The first day of August von Mackensen's visit to Hungary was set for May 15th. Over the course of several German‒Hungarian diplomatic meetings, a decision was made that the visit must not have a political character, so the following programs and stipulations were included:
- A private visit with the Regent of Hungary
- A salute by Mackensen’s Hussars in honor of the twentieth anniversary of their existence
- Foreign diplomats, politicians and their press representatives would be barred from taking part in any of the programs
Two days before the trip to Hungary, Hitler received the field marshal in the Reich Chancellery in Berlin, entrusting him with the task of handing Horthy a letter. Although the visit was framed as a strictly personal meeting, Mackensen nonetheless undertook a diplomatic mission. In the history of diplomacy, not much attention has been paid to this document, so I believe it is appropriate to quote the more relevant passages:
On the occasion of the visit of General Field Marshal von Mackensen, I would like to express my deep joy for your having received the last great German field marshal of the Great War. I would also like to give my thanks for the letter that your Excellency has addressed to me. I have therefore asked the General Field Marshal to give this letter to your Excellency as a token of my joy and gratitude.

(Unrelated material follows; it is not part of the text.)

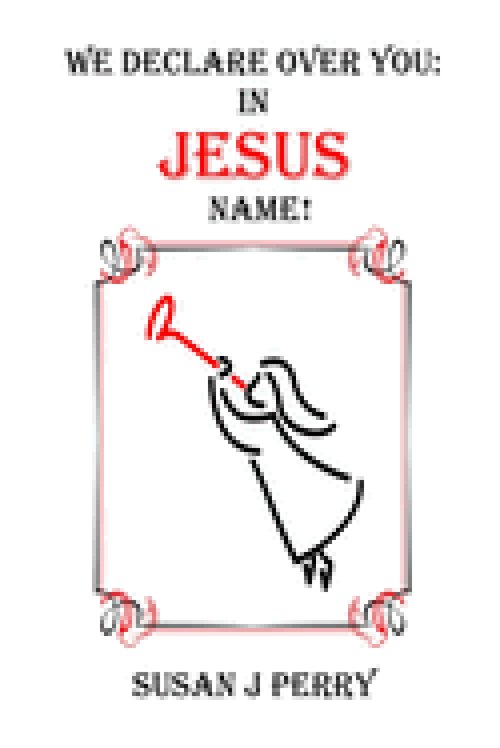 We Declare Over You In Jesus Name!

The issues that you have touched upon in your letter lie within the framework of the struggle between the two nations for their equality and the redress for the injustices that they have suffered. I have chosen a path that may at first seem incomprehensible to many, but I believe that it is the only way that can lead to success. I fully understand that Hungary, based on her needs, will also make use of all options available to her. I regard the restoration of the sovereignty of the Reich as the most important of Germany’s efforts. I see in it a better guarantee for peace in Central Europe than in all the treaties currently being drafted or concluded. The build-up of the new German Wehrmacht, which is proceeding rapidly, has already filled the German people with the pride of internal and external security, and is an action that may appear brusque at first, but is in actuality the only way to achieve success. The major and minor European powers gathered at the League of Nations would never have voluntarily allowed Germany to arm herself. A fait accompli had to be arranged. But I also understand that other circumstances and/or situations require other means. The leaderships of both countries are united in their struggle to restore their respective honor and independence, if at all possible without war, so as to avoid the disaster of a European war in the future. […] Once again thank you for receiving General Field Marshal von Mackensen. I also extend my most sincere wishes for the personal well-being of your Excellency.
Hitler's letter clearly shows how cautious German diplomacy was only a few weeks after the reintroduction of conscription in the German Reich.